## Activity
Please restate word for word the lines of the entries below from the one with "Half-Zip Long Sleeve Hooded Top" to the one with "Spinner Wheel Luggage", inclusive, and leave out every picture.

Segment Start: Recorded data

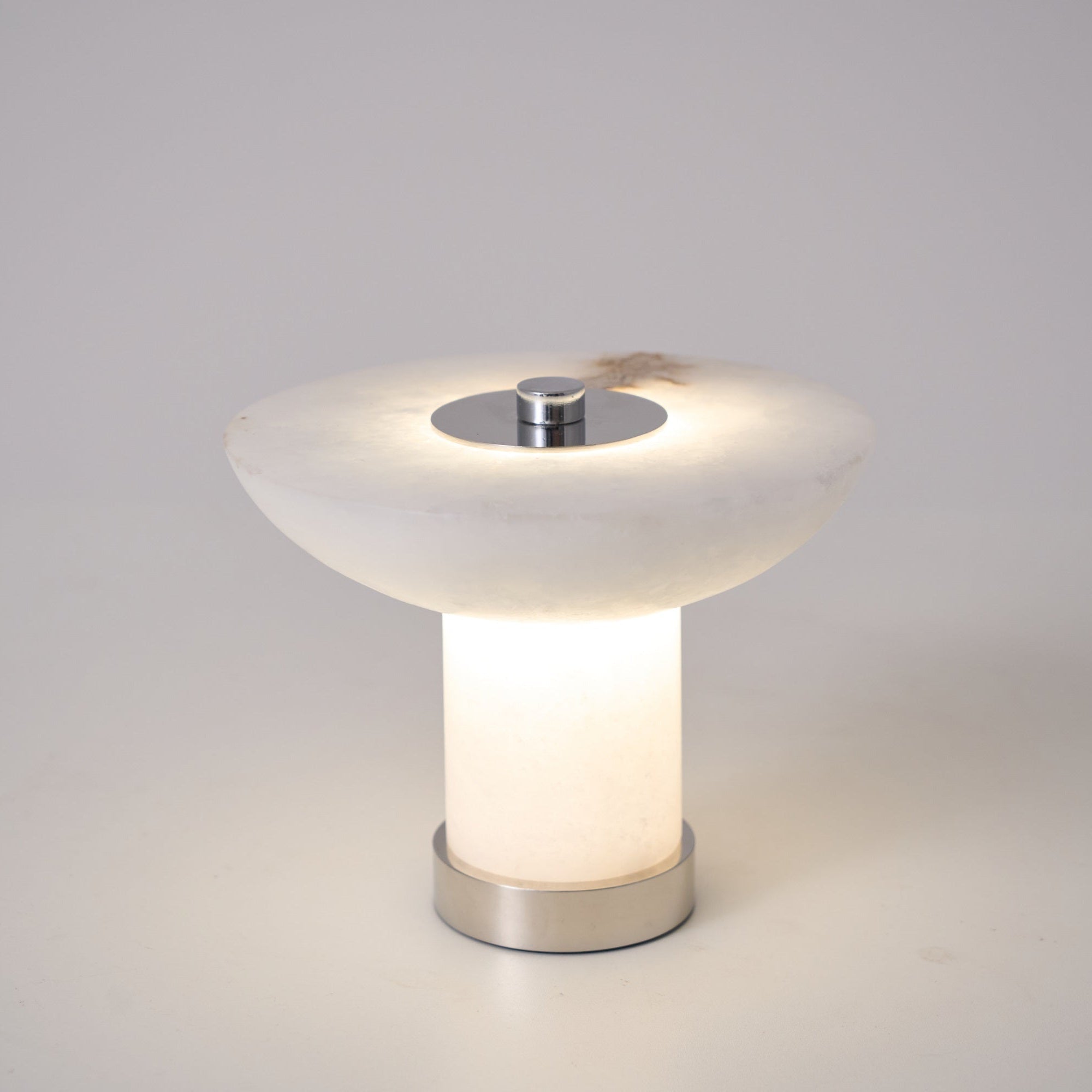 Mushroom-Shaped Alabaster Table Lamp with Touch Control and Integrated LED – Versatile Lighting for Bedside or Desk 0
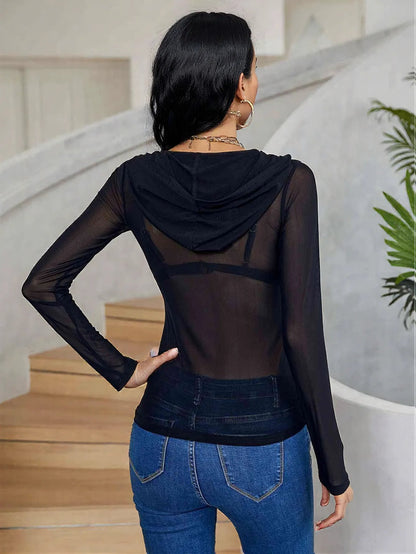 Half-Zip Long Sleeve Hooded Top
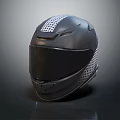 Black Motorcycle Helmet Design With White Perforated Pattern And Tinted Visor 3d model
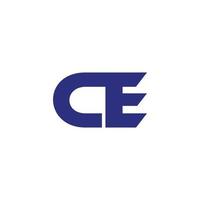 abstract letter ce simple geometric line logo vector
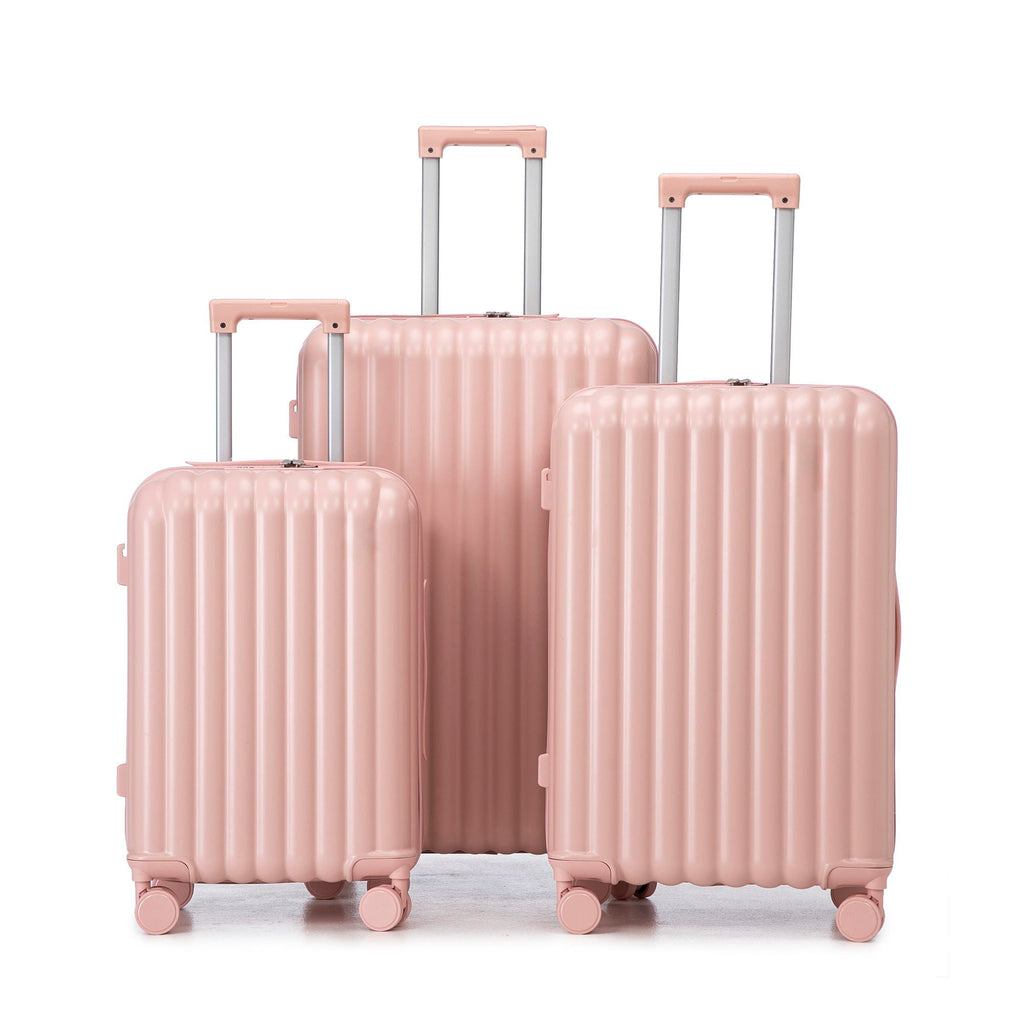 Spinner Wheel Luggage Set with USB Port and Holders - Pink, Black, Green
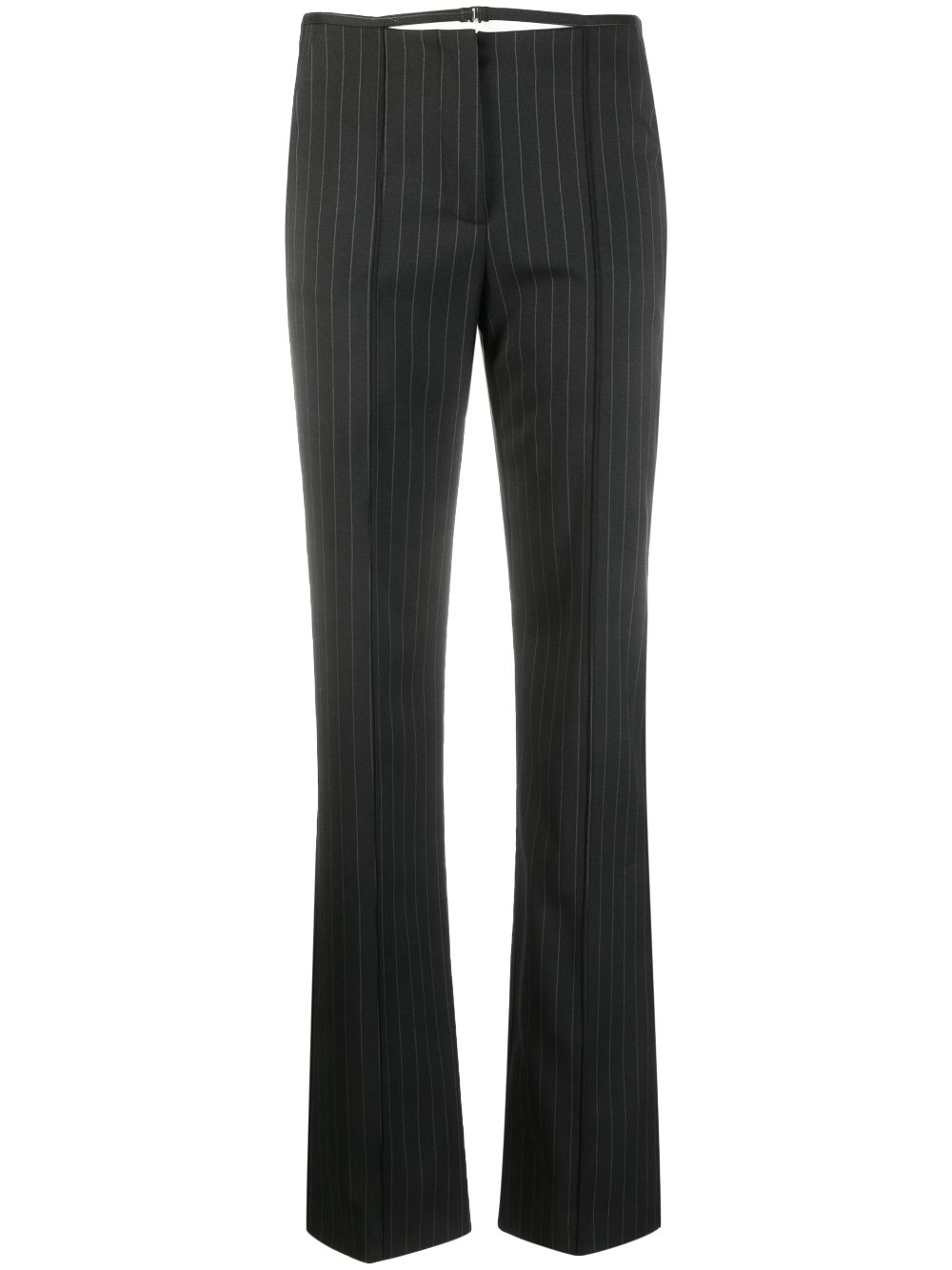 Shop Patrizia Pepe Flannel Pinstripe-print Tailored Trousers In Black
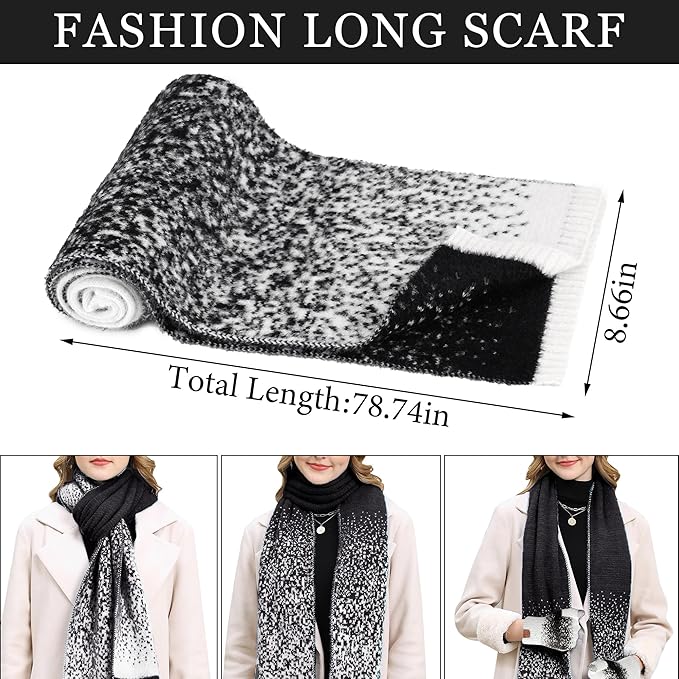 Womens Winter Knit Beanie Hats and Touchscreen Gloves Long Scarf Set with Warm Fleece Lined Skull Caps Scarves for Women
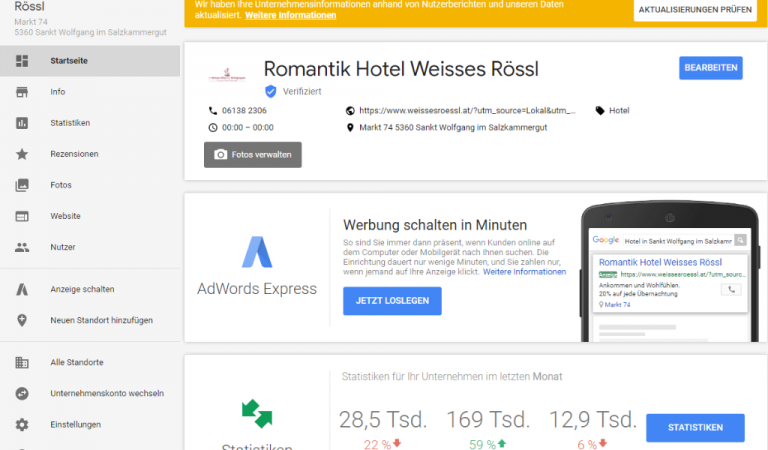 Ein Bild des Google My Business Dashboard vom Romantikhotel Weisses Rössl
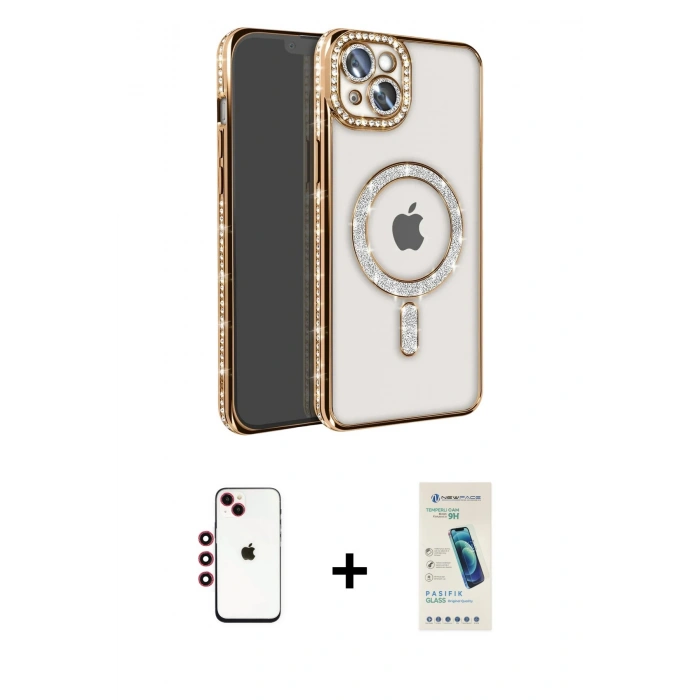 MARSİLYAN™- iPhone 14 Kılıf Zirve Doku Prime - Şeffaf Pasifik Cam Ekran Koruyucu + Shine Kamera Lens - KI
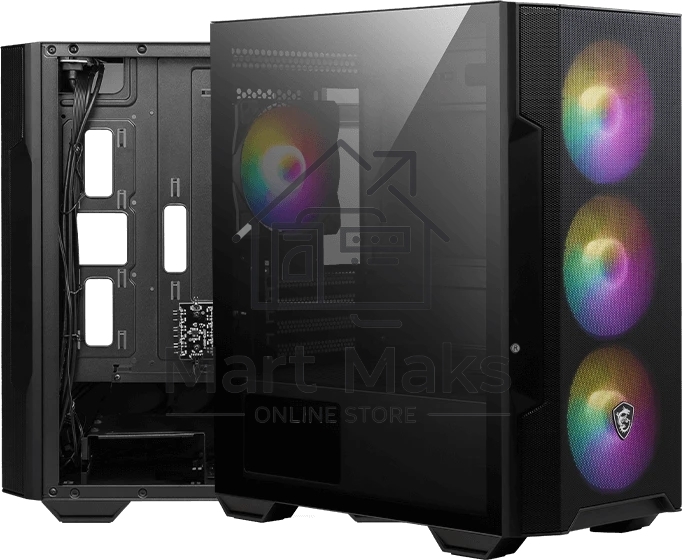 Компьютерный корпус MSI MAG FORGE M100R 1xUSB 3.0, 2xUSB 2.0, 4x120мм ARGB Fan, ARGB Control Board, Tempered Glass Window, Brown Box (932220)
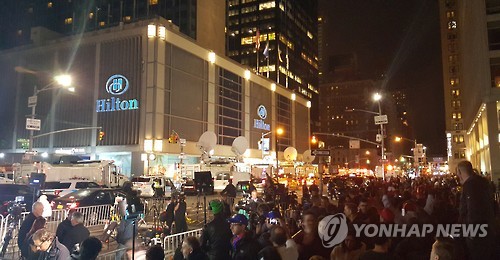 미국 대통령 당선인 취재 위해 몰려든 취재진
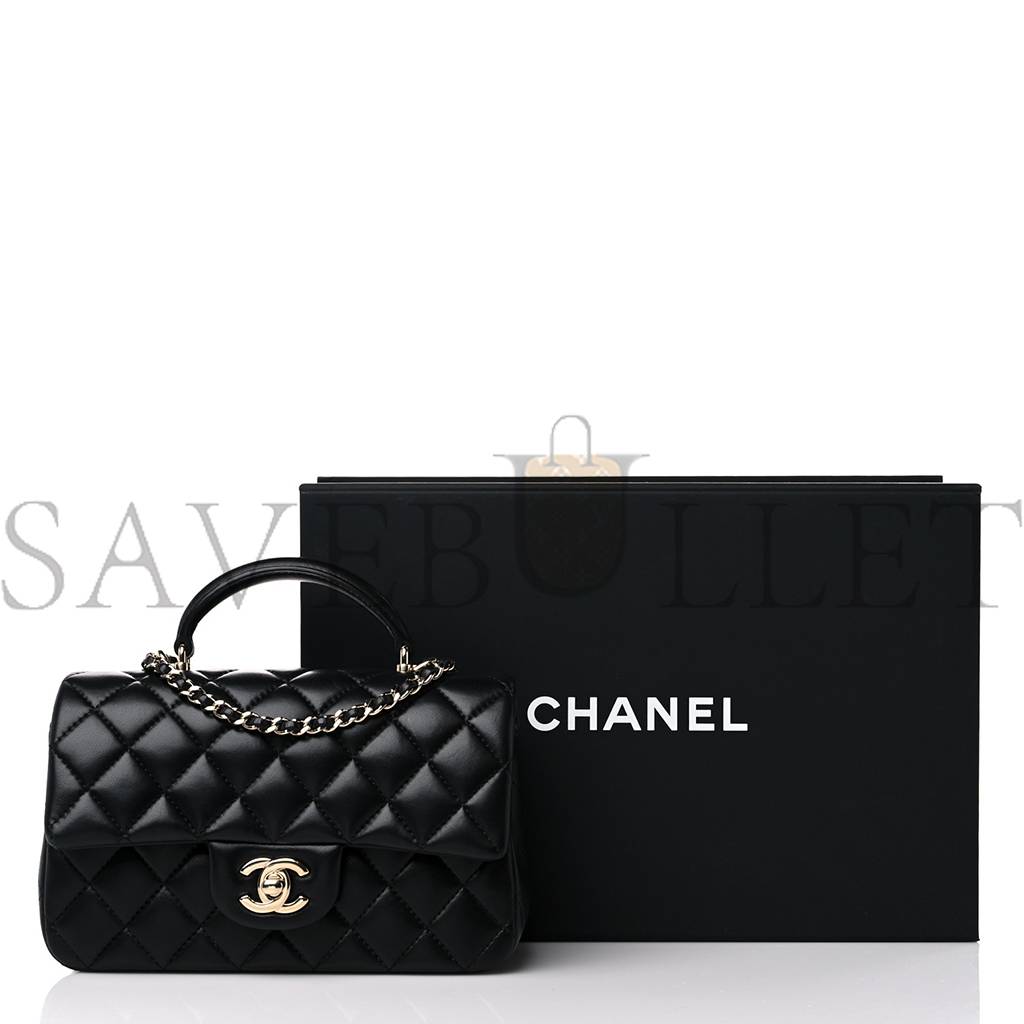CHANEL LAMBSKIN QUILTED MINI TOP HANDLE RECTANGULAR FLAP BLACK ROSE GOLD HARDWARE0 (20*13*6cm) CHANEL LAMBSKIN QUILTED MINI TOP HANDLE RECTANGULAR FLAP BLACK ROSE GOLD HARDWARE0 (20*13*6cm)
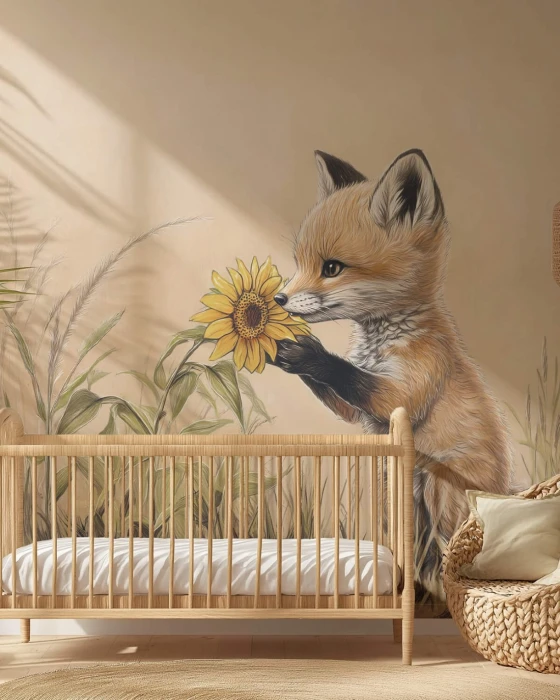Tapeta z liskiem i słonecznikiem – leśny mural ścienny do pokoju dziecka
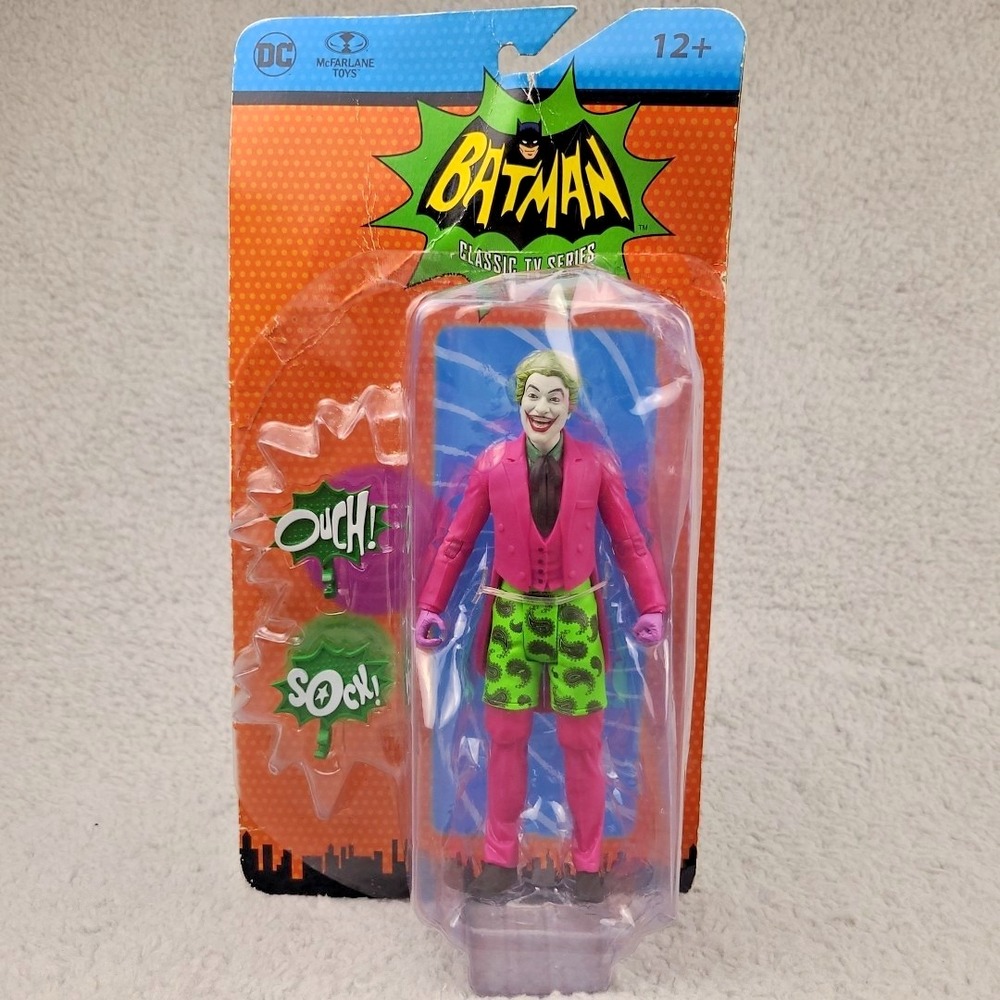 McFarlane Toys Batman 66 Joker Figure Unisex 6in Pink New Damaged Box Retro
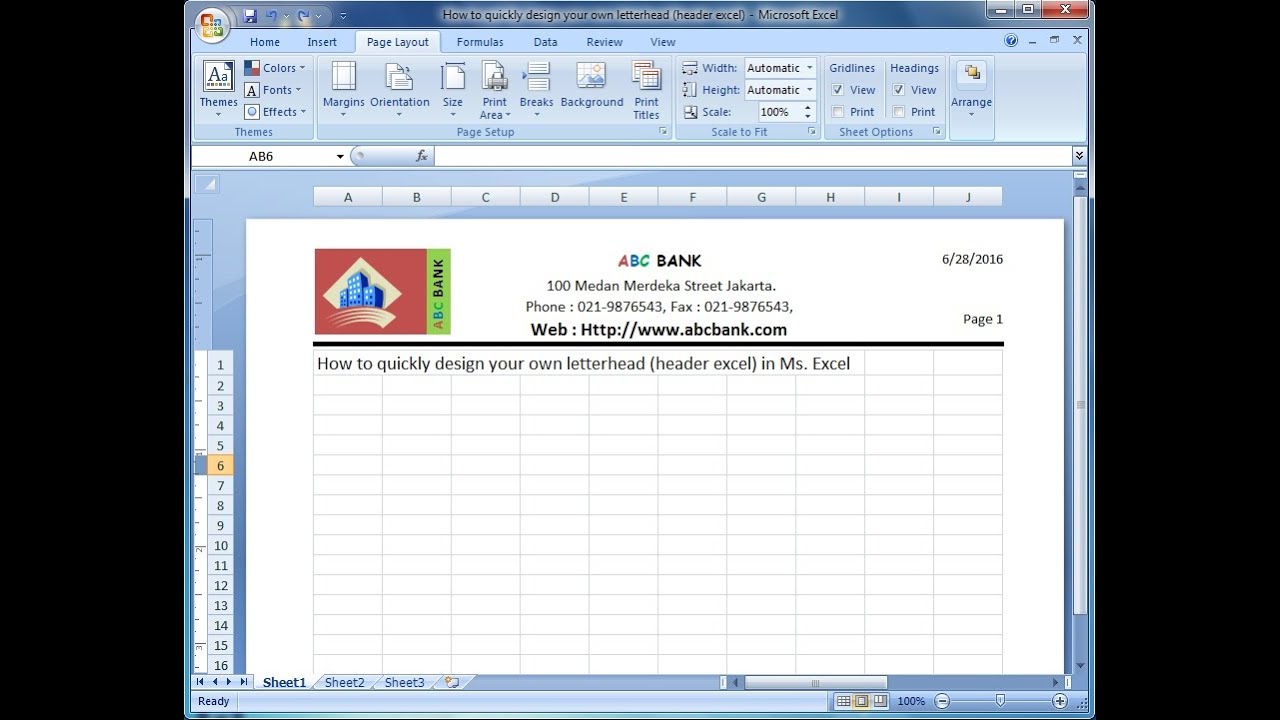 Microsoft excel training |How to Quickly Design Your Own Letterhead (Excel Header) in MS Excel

Segment End: Recorded data

## Result of this task
 Half-Zip Long Sleeve Hooded Top
 Black Motorcycle Helmet Design With White Perforated Pattern And Tinted Visor 3d model
 abstract letter ce simple geometric line logo vector
 Spinner Wheel Luggage Set with USB Port and Holders - Pink, Black, Green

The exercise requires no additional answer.